The coronavirus crisis has rapidly impacted human lives, markets and politics around the globe – how should our interconnected world confront pandemics?

Since the word “coronavirus” entered the global lexicon, its reach has become staggering. Tens of thousands have contracted the virus, more than a thousand have died and dozens of countries report infected patients within their borders – prompting quarantines, travel restrictions and curfews worldwide. Face masks are flying off the shelves as fears swirl around the newly christened 2019-nCoV. Supply chains and tourism are taking equal hits, and China’s central bank has pumped $242.74 billion into the financial system to prop up weakening growth.

National Public Radio’s correspondent for Global Health and Development, Nurith Aizenman, joins Altamar to dive into the geopolitical implications of coronavirus and discuss what can be done to prevent future pandemics. Aizenman, who has been covering the virus daily since the outbreak began, is also a former writer at The Washington Post and an editor for The New Republic.

The situation on the ground is changing rapidly, but Aizenman maintains that, for now, the virus remains primarily located in China: “Pretty much all of the cases are in China. It’s true that there are several hundred outside of China, but that is a tiny number compared to the tens of thousands in China.” Yet questions remain unanswered regarding the severity and scope of the disease in China, especially given concerns that the government “might have been possibly more communicative to the outside world than they were to people in Wuhan about the risk at the very earliest stage, which has sowed a lot of questioning and doubt about what’s currently being reported.”

There is much speculation as to why this disease began in China. Many scientists have pointed to China’s markets, where food and wild animals mingle closely. Indeed, China’s large bat population, a carrier for coronavirus and other diseases, seems to have made Wuhan a location perfectly primed for the virus to spread. 

The relatively limited spread of coronavirus beyond China is undeniably a good thing – but Aizenman argued the disease could spiral out of control if it spreads to a country without sufficient healthcare infrastructure and resources: “A concern is that if it does spread to countries in Africa, that have less access to sophisticated healthcare, the lethality might actually go up, because a lot of the cases that are surviving are surviving due to really intensive care and hospitals. That could be a real problem if it starts to spread to low-resource countries.”

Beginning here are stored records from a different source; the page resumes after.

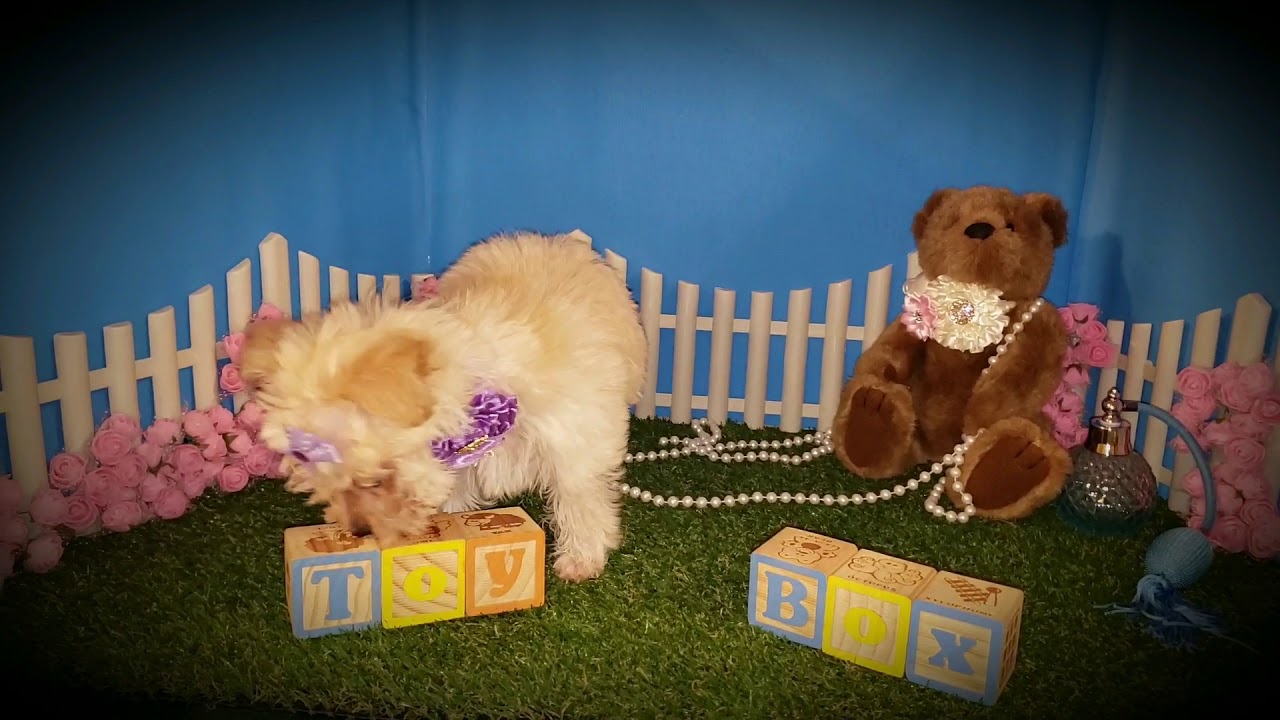 ToyBox Puppies. MO.(1) YouTube
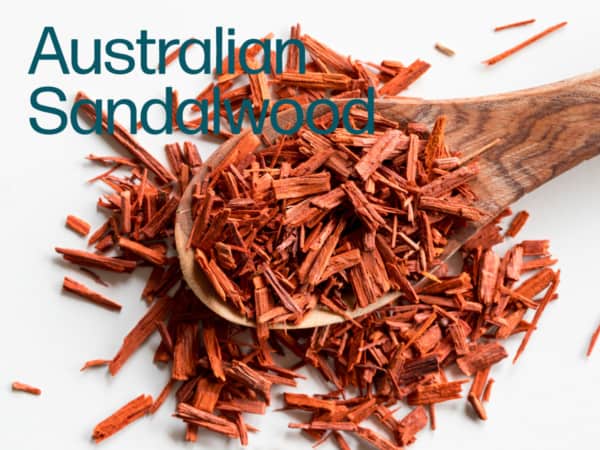 Soy Wax Melts - Australian Sandalwood | Dusty Blend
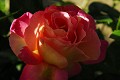<center>
Mai... Mois d'excellence pour découvrir et observer<br>
les premières roses qui embellissent nos jardins ! rose la fleur détail desd pétales 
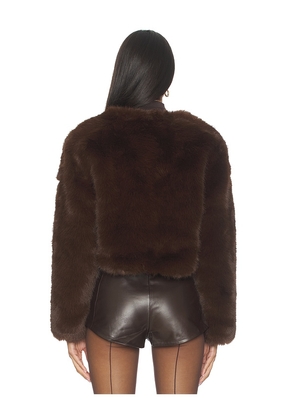 BLANKNYC Crop Faux Fur Coat in Brown. Size L. Also in S, M.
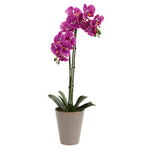 Nearly Natural 4246 24" Artificial Pink Speckled Phalaenopsis Orchid Arrangement with Planter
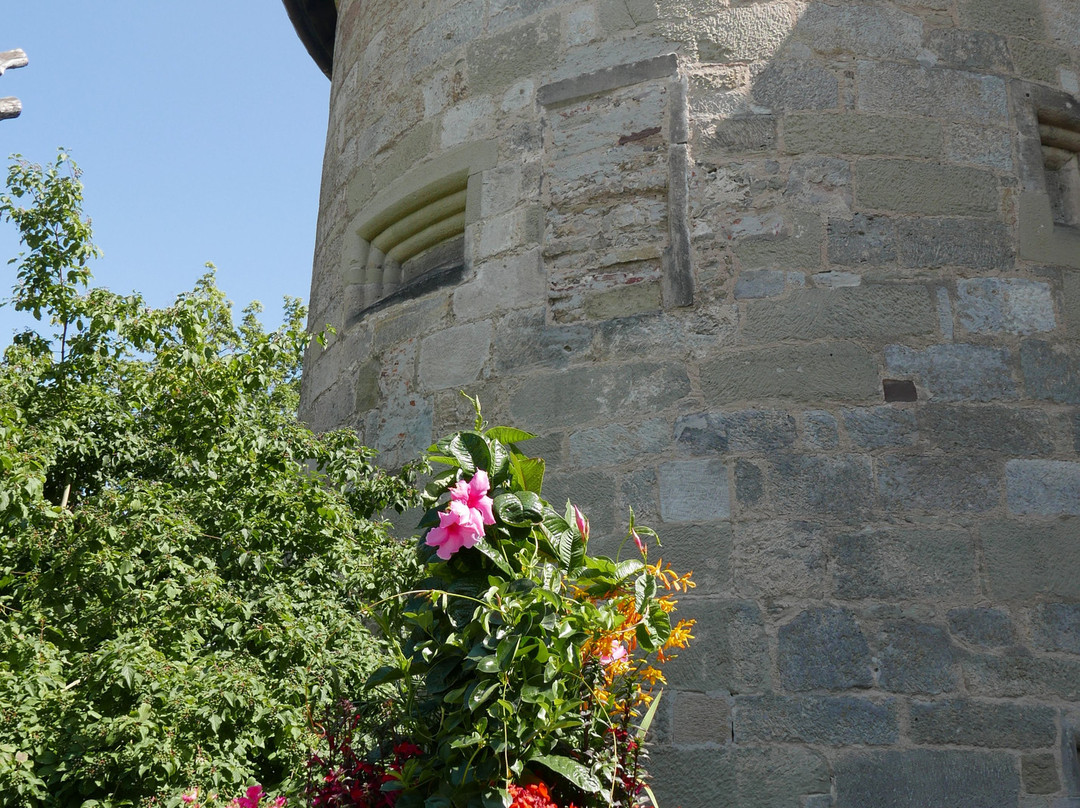 Burgschloss Schorndorf景点图片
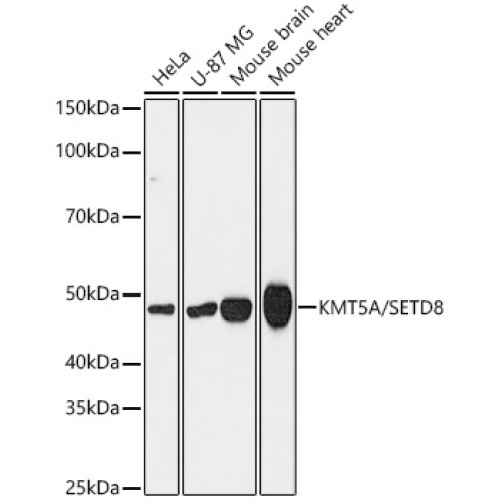 [KD Validated] KMT5A/SETD8 Rabbit mAb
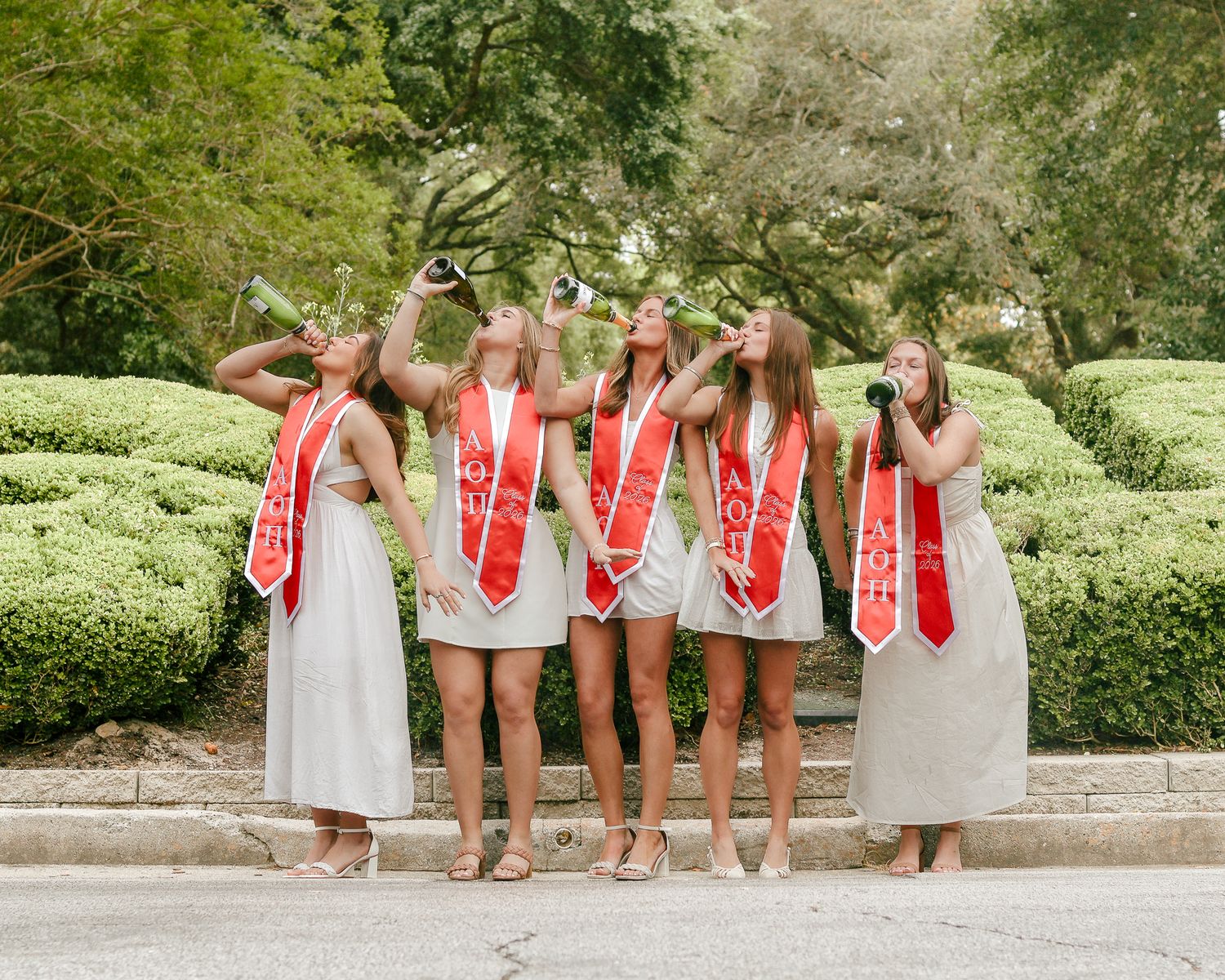 Five women in white dresses and red graduation stoles tilt champagne bottles to their lips while celebrating outdoors by green hedges.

The extent of the disease’s economic impact remains to be seen. Though coronavirus has dominated international headlines since reports of it first emerged, financial markets have not registered a major hit – yet. But supply chains have been affected, air travel has been cut off and tourism has been impacted. Aizenman says that it’s too soon to make any sort of economic prognosis: “It’s just hard to know… We’re now starting to see the ramp up, the whole country was kind of more on a holiday footing with the Lunar New Year, but that’s over now. It’s just kind of ramping up more fully.”

One lesson to draw from the coronavirus outbreak is that countries should do more to proactively identify and prepare for animal viruses that could make the jump to humans: “Perhaps more is warranted in trying to proactively identify what viruses are out there in the animal reservoir that could be a problem, such that we can quickly respond to them and even have some amount of setup of precursor vaccines that might work so we don’t have to invent the wheel.”

Indeed, Aizenman notes that other countries should see the coronavirus as a warning to prepare for a similar outbreak: “It seems like the most important thing is to just recognize that these are not fluke events, this is entirely predictable that this sort of thing should happen…To the extent that we can just sort of accept that that’s how it is, and then we can really look for what are the potential viruses out there, what’s the architecture of things that we can prepare, what kind of almost-complete vaccines and almost-complete therapies are out there that we can kind of fit to whatever emerges?” If countries around the world beef up their pandemic responses, we could outpace the next coronavirus – or at least, “we’ll be in better shape.”